A behind-the-scenes congressional battle to avoid a U.S. government shutdown broke into public view Thursday when Republicans produced a stopgap funding bill that Democrats immediately rejected.
The federal fiscal year ends September 30 and Congress must pass a spending measure by then to keep the government open. In recent years, lawmakers have seldom been able to agree on a full federal budget and instead have relied on stopgap measures.
Senate Majority Leader Mitch McConnell, a Kentucky Republican, capped weeks of labored negotiations by proposing a continuing resolution that would fund government agencies from October 1 through December 9 at an annual rate of just over $1 trillion.
The measure also includes $1.1 billion to combat the spreading Zika virus, $500 million in flood relief for states including Louisiana and funding for U.S. military operations overseas at an annual rate of $74 billion.
"There have been broad requests for a clean continuing resolution. So that's what I've just offered," said McConnell, who described the measure as a product of bipartisan negotiations.
No deal, Democrats say
But Democrats quickly opposed the resolution as "a Republican-only bill" that would not help Flint, Michigan, cope with lead-contaminated water and would leave in place a prohibition against the U.S. Securities and Exchange Commission requiring public companies to disclose political spending.

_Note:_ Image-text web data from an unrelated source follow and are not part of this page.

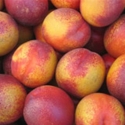Picture of Nectarine Mayglo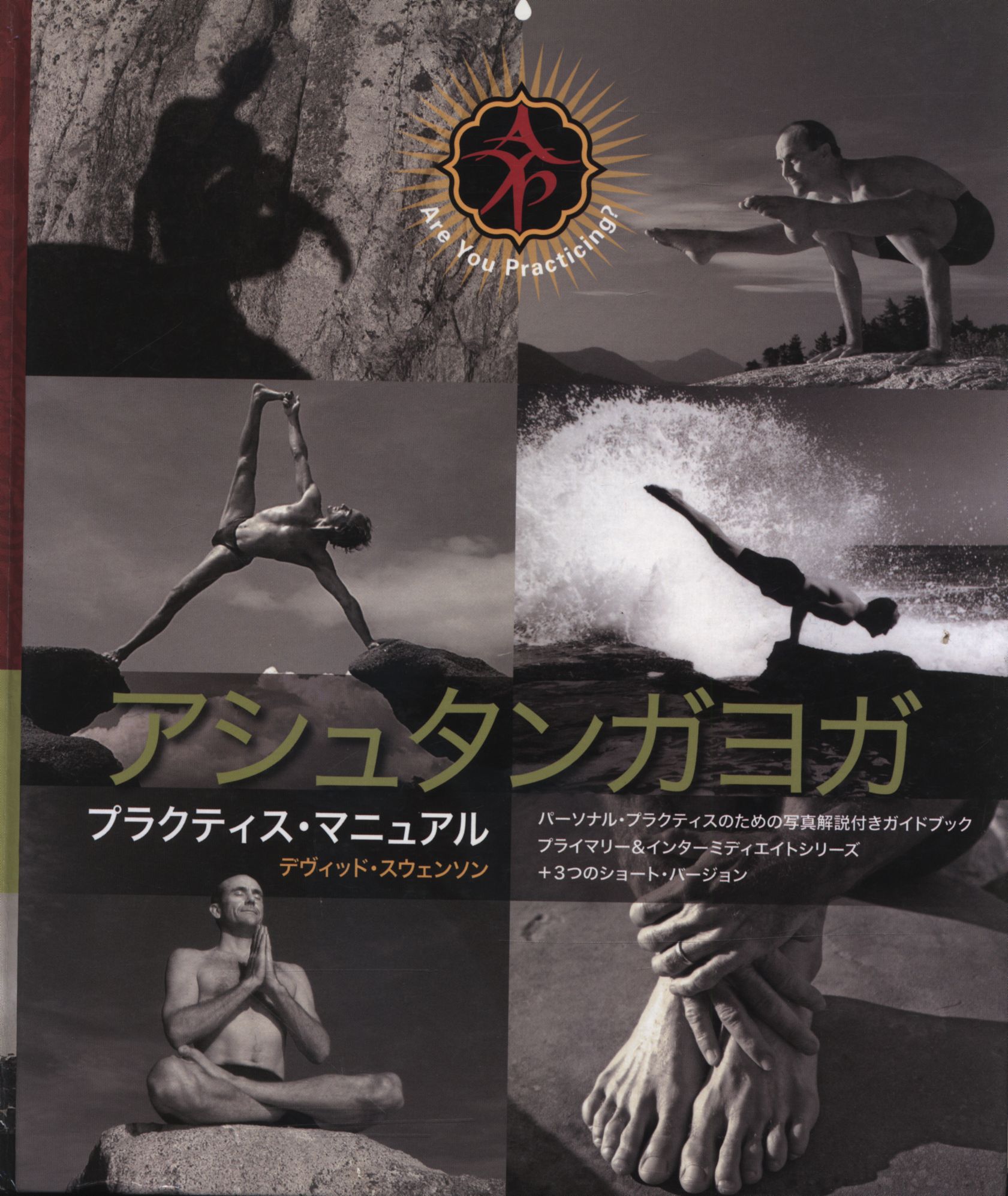 アシュタンガヨガ プラクティスマニュアル 日本語訳 デヴィッド 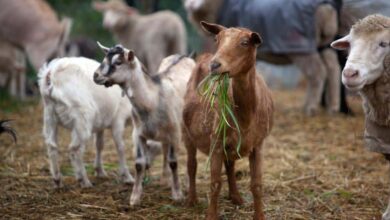 Ευλογιά:-1754-κρούσματα,-423.125-ζώα-θανατώθηκαν-στη-χώρα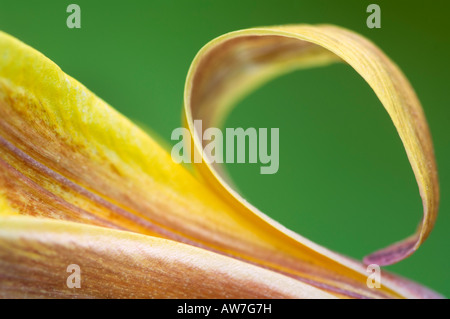 Communément appelé truite Lily Violet Dogtooth Erythronium americanum famille des Liliacées liliacaea Banque D'Images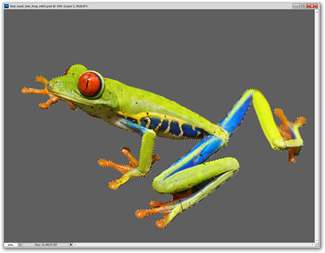 Apprendre Photoshop, Part 4: Basic Menus 17 Apprendre Photoshop, Part 4: Basic Menus 13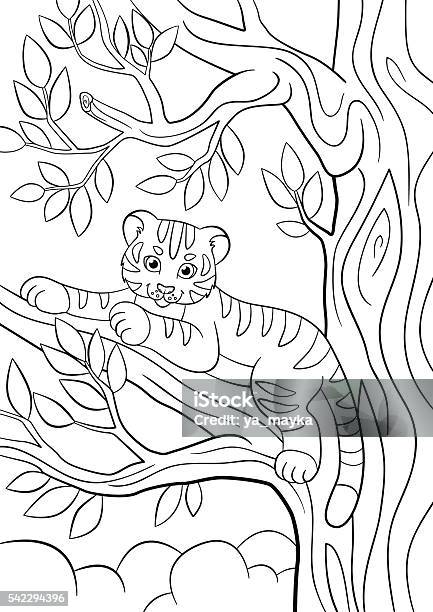 Coloring Pages Wild Animals Little Cute Baby Tiger Stock Illustration - Download Image Now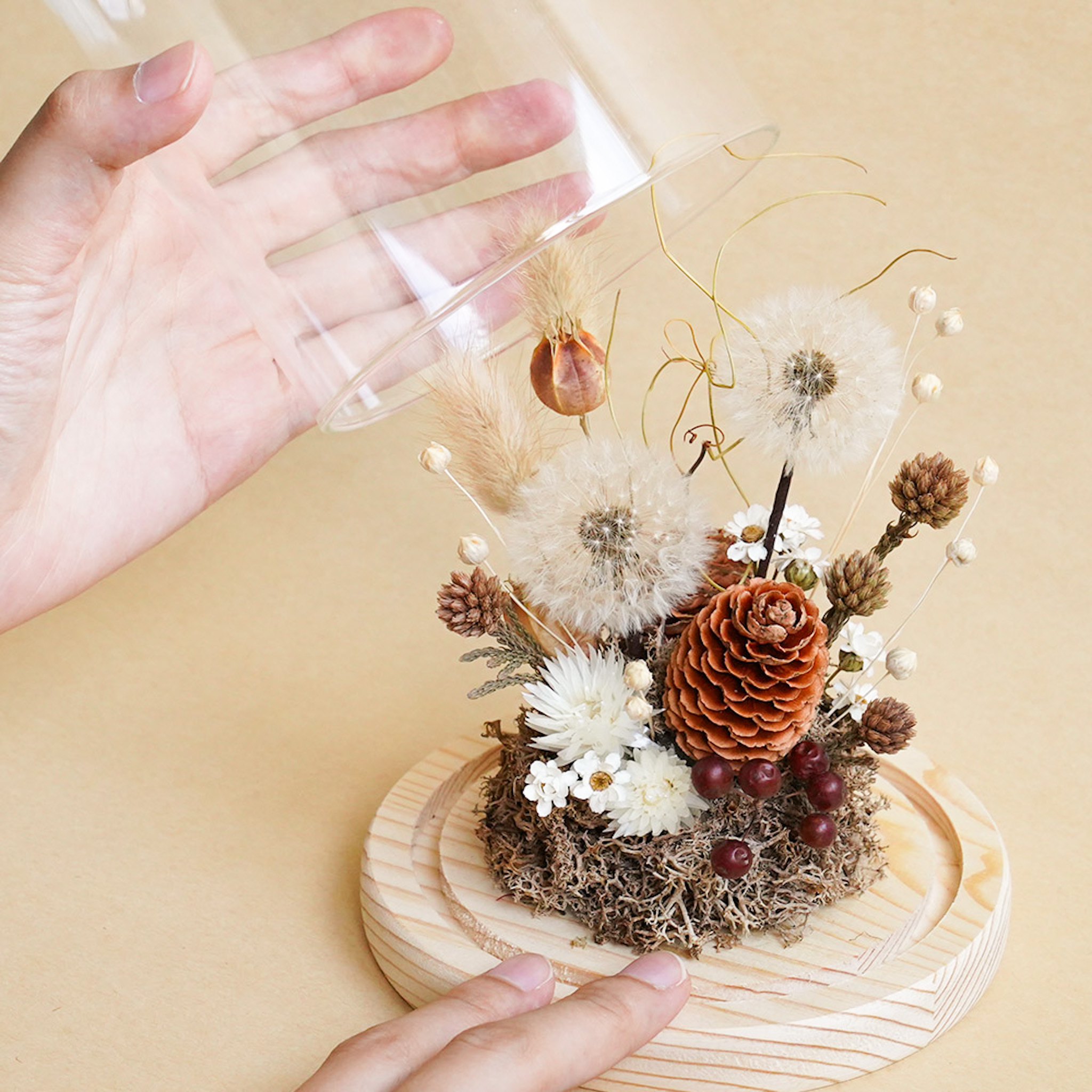 蒲公英永生花玻璃罩,永生花蒲公英,蒲公英玻璃罩推薦,台北喜歡生活乾燥花店,代客送花服務,自然系花材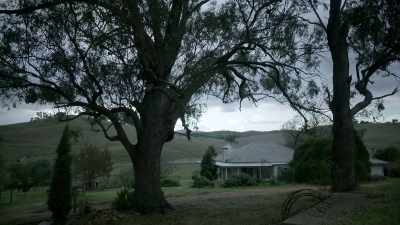 (rooster crowing in distance) - The Clearing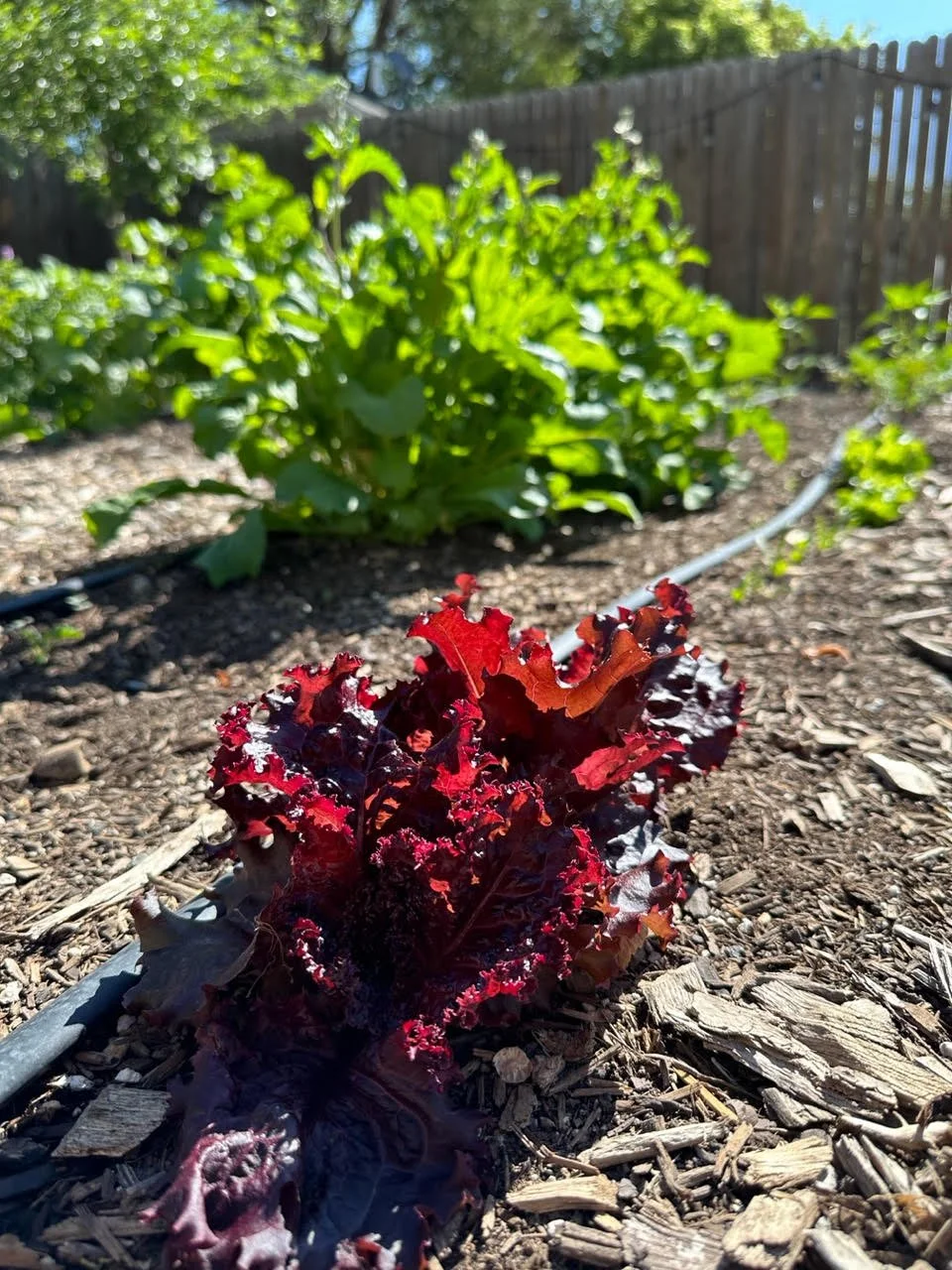 Michaela's lettuce .jpeg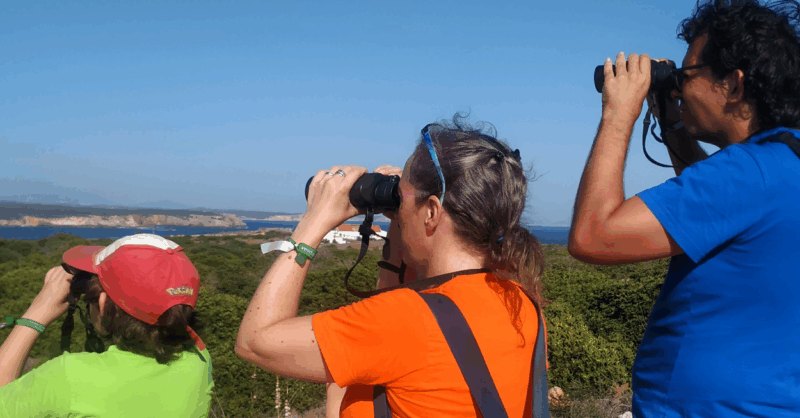 Descobrir as Aves em Família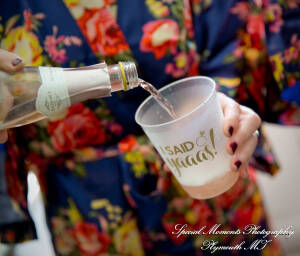 Heritage Park Farmington Hills MI wedding photograph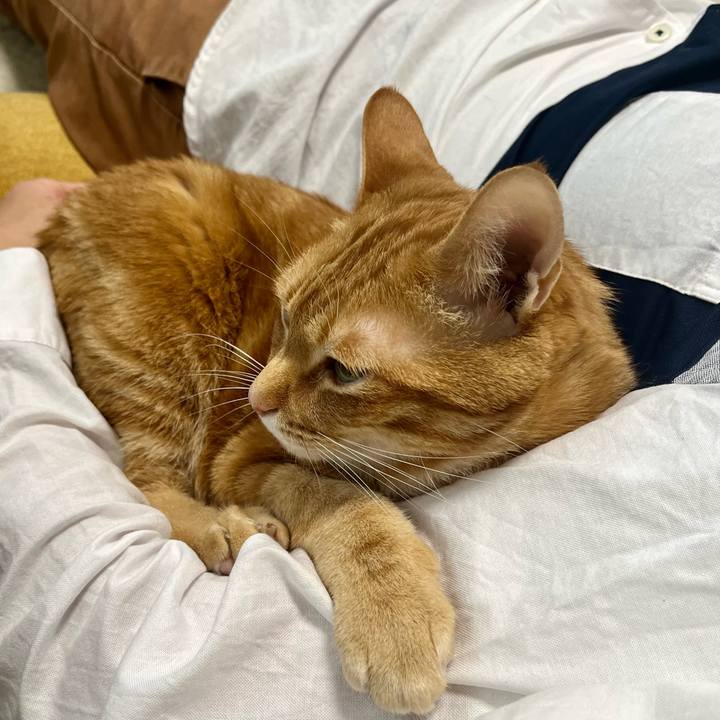 Eee46c3a 041c 4506 bde9 d5c0cada9a84 1652577586994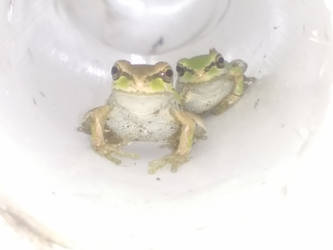 I keep finding frogs in my yard...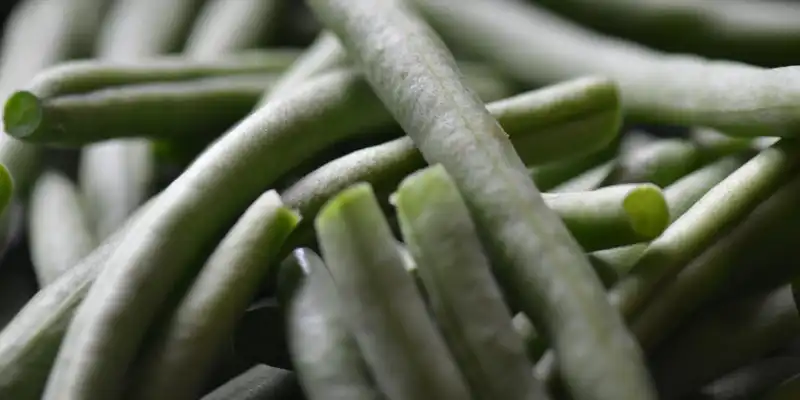 Asparagus beans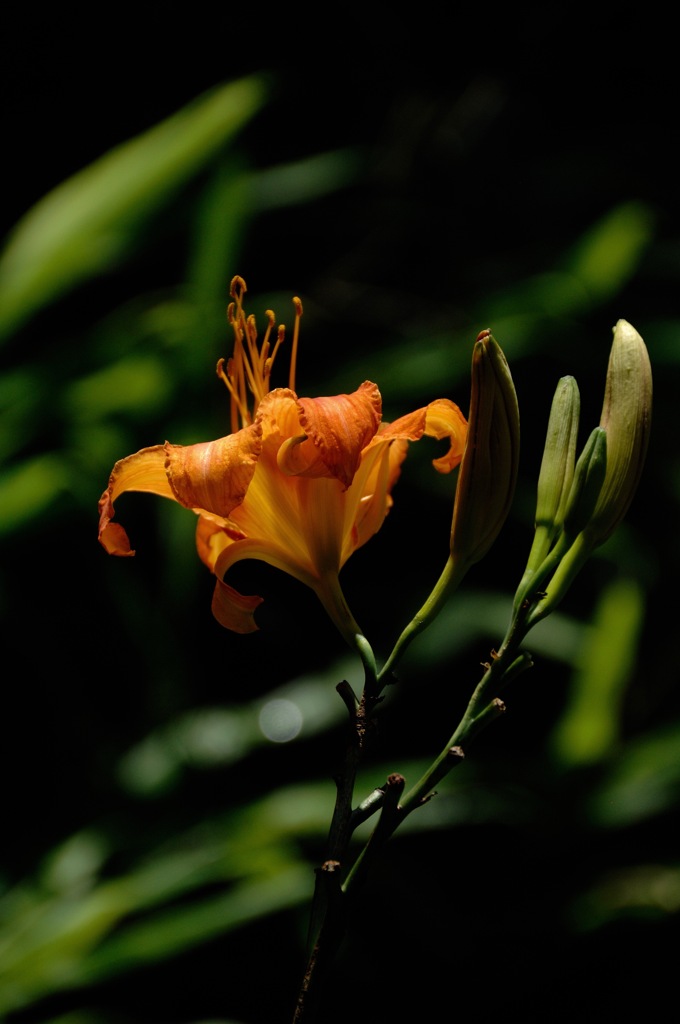 苔庭の橙花…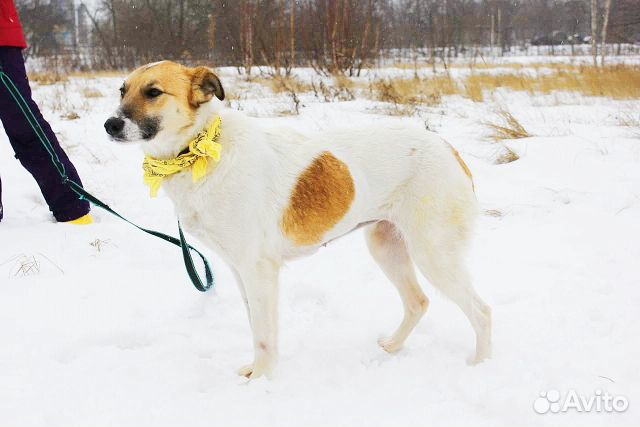Собака Розочка в добрые руки бесплатно купить на Зозу.ру - фотография № 9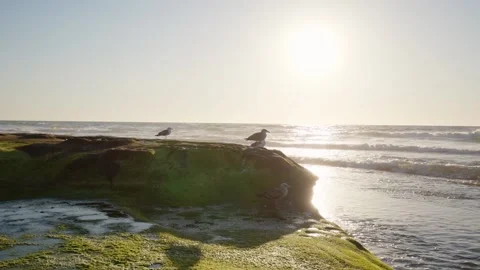 Waves along coastline Stock Footage 172564542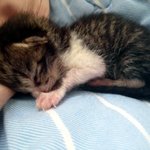 [절세<b>미묘</b>] 업둥이 모셔와 상전으로 만들기 꼬물이에서부터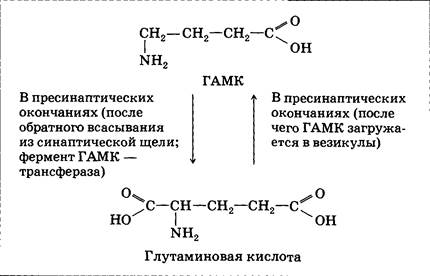 Альфа аминомасляная кислота. Формула гамма аминомасляной кислоты. ГАМК гамма-аминомасляная кислота формула. Глутаминовая кислота в гамма аминомасляная кислота. Глутаминовая кислота 4-аминобутановая аминомасляная ГАМК.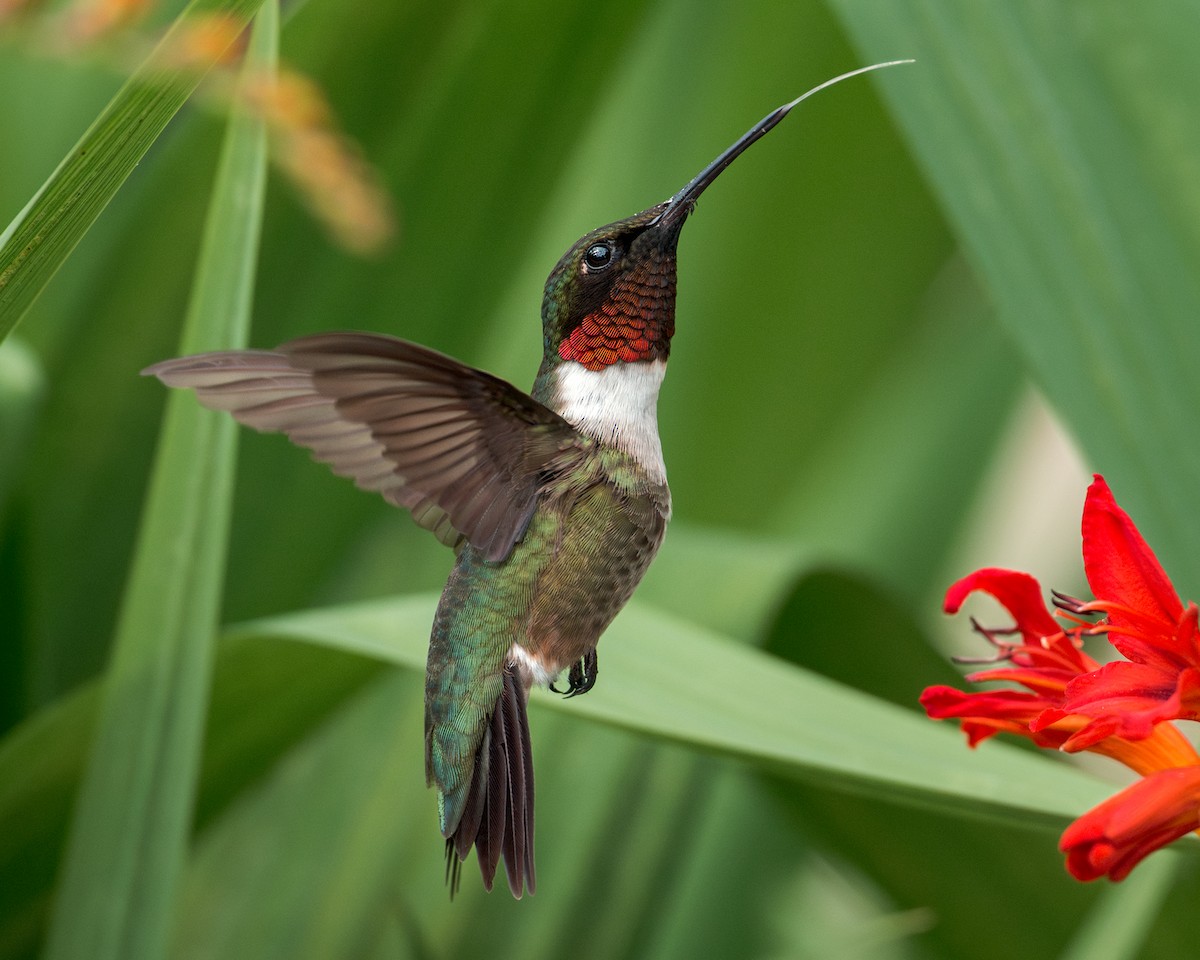Ruby-throated Hummingbird - ML638355851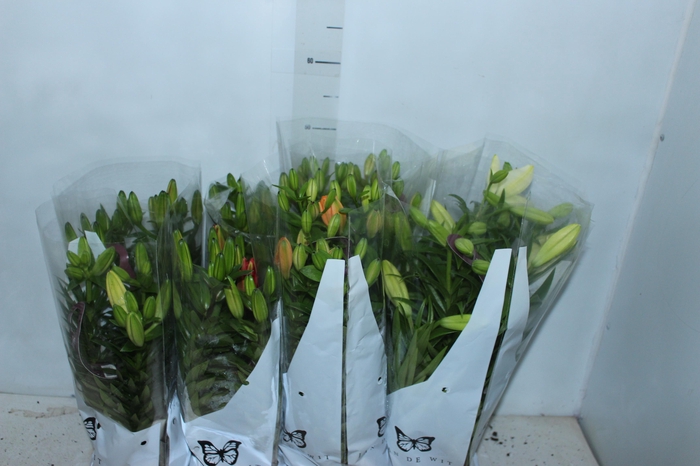 <h4>LIRIO VARIADO P15</h4>
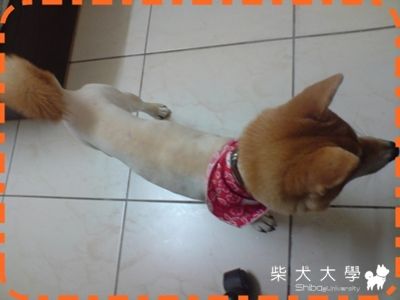 夏天到了!!!(原發表者:溜溜麻)(相簿)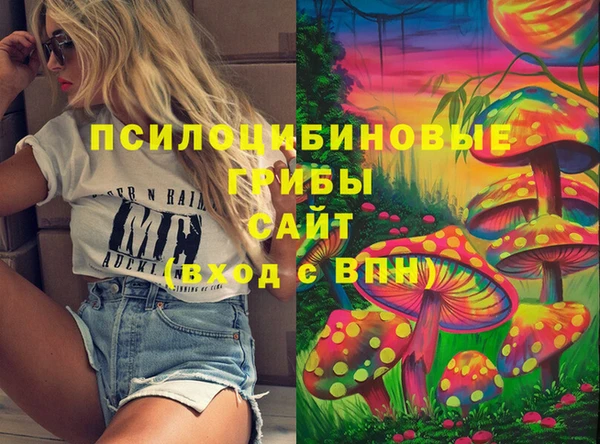 индика Карталы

"We Democrats cannot vote for that," said Senator Barbara Mikulski of Maryland, top Democrat on the Senate Appropriations Committee.
McConnell left out a provision backed by Republican presidential nominee Donald Trump and his former White House rival, Senator Ted Cruz of Texas, that would have stopped the U.S. government from moving oversight of the internet's technical management to a global community of stakeholders on October 1.
Also absent was language that would have enabled the U.S. Export-Import Bank to approve loans or guarantees of more than $10 million. Republicans and Democrats had sought to include a provision, but the issue proved too controversial for the must-pass funding resolution.
A senior Republican aide said the Senate would begin voting on the funding legislation as early as Monday.